In any case, I'd recommend lubing a rubik's 4x4x4 if it feels tight.


----------



## nicjsb (Jun 15, 2008)

4x4x4 EastSheen works pretty well out of the box. Haven't tried lubing yet, but it works very well even without lube


----------



## DAE_JA_VOO (Jun 15, 2008)

My ES is nice, but it locks up a lot


----------



## Erik (Jun 15, 2008)

Doesn't really matter which type, Rubik's or Eastsheen.
Rubiks: it has to be the old type, the new type suck IMHO, remember to lube.
Eastsheen: LUBE! All eastsheens should be lubed, they'll be sad if you don't... srsly...


----------



## clincher (Jun 16, 2008)

Erik said:


> Doesn't really matter which type, Rubik's or Eastsheen.
> Rubiks: it has to be the old type, the new type suck IMHO, remember to lube.
> Eastsheen: LUBE! All eastsheens should be lubed, they'll be sad if you don't... srsly...



How do I lube them? Do I just pop an edge and spray? or...


----------



## hdskull (Jun 16, 2008)

For the Rubik's all I did was stuck the straw thing at the 4 corners of the center on the yellow and sprayed once, and I haven't lubed since, haha. Even though I think I need to clean it. I have the new Rubik's 4x4, it's great, but sometimes it feels too big and goes out of control sometimes.


----------



## cmv0116 (Jun 16, 2008)

Erik said:


> Doesn't really matter which type, Rubik's or Eastsheen.
> Rubiks: it has to be the old type, the new type suck IMHO, remember to lube.
> Eastsheen: LUBE! All eastsheens should be lubed, they'll be sad if you don't... srsly...



really the old type? I have one and it is no good at all. It locks up so much and turns so poorly that i can't even use it anymore


----------



## DavidWoner (Jun 16, 2008)

clincher said:


> Erik said:
> 
> 
> > Doesn't really matter which type, Rubik's or Eastsheen.
> ...



DO NOT POP ANY EDGES ON YOUR EASTSHEEN!! the mechanism is way different from that of a rubiks brand, and they are insanely difficult to reassemble unless you have done it a few times before.

i would highly recommend eastsheens, you can lube them by removing the center caps and spraying inside with a straw. eastsheens have screws, but no springs, so do not adjust them any, it just makes them worse.
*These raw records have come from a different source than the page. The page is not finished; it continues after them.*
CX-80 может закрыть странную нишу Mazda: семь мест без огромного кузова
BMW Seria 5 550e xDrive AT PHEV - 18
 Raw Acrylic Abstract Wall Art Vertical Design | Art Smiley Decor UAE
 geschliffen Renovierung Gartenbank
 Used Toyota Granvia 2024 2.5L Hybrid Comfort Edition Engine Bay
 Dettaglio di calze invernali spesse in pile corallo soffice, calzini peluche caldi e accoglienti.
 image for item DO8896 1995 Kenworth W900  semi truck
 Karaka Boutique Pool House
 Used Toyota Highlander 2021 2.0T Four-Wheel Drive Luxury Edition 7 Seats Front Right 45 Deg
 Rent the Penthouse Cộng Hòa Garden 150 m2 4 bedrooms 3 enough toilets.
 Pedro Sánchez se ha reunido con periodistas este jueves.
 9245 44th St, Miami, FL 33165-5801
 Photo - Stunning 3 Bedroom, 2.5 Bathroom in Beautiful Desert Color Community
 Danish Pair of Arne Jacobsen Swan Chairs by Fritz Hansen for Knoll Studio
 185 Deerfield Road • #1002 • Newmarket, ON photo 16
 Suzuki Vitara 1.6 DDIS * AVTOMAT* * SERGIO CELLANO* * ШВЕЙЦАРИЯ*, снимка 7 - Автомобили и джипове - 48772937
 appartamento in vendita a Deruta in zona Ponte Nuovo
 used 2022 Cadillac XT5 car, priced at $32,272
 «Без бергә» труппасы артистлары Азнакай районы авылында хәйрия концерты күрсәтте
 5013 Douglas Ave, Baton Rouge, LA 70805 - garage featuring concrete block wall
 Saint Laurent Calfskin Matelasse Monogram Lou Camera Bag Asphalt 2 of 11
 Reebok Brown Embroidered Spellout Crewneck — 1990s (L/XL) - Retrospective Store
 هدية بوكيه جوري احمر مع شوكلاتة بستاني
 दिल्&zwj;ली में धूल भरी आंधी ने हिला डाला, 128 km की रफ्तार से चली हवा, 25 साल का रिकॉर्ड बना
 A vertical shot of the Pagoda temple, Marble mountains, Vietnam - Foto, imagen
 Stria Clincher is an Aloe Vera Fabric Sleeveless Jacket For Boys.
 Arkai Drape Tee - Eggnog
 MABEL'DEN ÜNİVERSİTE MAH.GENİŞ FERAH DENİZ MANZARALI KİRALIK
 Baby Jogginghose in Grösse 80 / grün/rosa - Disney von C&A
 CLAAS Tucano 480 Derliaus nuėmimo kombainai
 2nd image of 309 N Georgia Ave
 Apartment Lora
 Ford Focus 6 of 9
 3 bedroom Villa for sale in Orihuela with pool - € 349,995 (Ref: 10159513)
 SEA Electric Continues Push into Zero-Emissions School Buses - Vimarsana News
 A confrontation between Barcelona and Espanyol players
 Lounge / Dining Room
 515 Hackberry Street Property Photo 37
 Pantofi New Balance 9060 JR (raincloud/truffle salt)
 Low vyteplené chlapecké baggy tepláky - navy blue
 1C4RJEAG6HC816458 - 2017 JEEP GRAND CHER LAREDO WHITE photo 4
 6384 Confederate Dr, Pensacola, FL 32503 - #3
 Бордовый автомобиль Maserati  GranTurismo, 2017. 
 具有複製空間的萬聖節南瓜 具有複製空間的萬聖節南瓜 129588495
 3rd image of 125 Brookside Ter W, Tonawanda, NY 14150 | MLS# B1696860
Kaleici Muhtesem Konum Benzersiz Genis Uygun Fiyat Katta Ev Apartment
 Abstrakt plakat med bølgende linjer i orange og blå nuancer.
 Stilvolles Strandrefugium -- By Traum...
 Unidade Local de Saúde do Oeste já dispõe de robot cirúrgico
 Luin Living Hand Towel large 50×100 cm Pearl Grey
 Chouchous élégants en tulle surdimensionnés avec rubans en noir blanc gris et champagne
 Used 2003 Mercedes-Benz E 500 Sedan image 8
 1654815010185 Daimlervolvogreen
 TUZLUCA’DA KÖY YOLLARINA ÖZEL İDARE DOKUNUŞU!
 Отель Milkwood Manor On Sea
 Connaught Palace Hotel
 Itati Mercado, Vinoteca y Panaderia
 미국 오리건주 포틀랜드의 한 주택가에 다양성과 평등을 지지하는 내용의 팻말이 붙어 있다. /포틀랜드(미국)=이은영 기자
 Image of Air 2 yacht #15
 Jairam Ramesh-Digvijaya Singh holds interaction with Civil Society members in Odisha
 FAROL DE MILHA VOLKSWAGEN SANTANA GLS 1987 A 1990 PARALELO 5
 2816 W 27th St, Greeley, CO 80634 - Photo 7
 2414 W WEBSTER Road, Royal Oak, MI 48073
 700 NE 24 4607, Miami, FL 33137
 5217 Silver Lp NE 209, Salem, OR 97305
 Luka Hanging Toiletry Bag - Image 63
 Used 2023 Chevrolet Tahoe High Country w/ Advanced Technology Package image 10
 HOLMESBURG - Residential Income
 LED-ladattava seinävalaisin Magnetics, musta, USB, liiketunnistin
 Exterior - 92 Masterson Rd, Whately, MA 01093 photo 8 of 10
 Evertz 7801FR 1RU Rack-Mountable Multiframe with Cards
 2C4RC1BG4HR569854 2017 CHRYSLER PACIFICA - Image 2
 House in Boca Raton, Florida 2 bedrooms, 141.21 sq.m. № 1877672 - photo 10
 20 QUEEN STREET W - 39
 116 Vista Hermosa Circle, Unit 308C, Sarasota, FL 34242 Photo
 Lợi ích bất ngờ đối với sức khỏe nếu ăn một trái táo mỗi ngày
most retooled rubiks brand 4x4x4s are pretty good after lubing and breaking in, but eastsheens are cheaper and all of them are good.


----------



## Erik (Jun 16, 2008)

I can actually pop out edges on my eastsheen, I also assemble them like this  Best way to lube ES is to take of a centre cap and spray in the meganism. For a Rubik it's of course just take out an edge and spray.
And yes the old types PWN, since the new one suck ba**s


----------



## FredM (Jun 16, 2008)

I loosened two opposites screws on my Eastsheen, just a small quarter turn (not even) and it became very loose but not popable. Then I lubed it, it became worse for five days and now it's better than ever.

I just did a comparaision of ES 444 and Rubik's and it came out I did the same average with both of them so it only depends on whether the cube turn to be good or bad but thay both have a lot of potential.

Remember, cutting corner on 444 is really something I've never seen, as well as a 444 that does not lock up.

EDIT : Erik, how can you pop out and edge on Eastsheen without popping a connector in the inside ? It's insane, is your cube really really loose ?


----------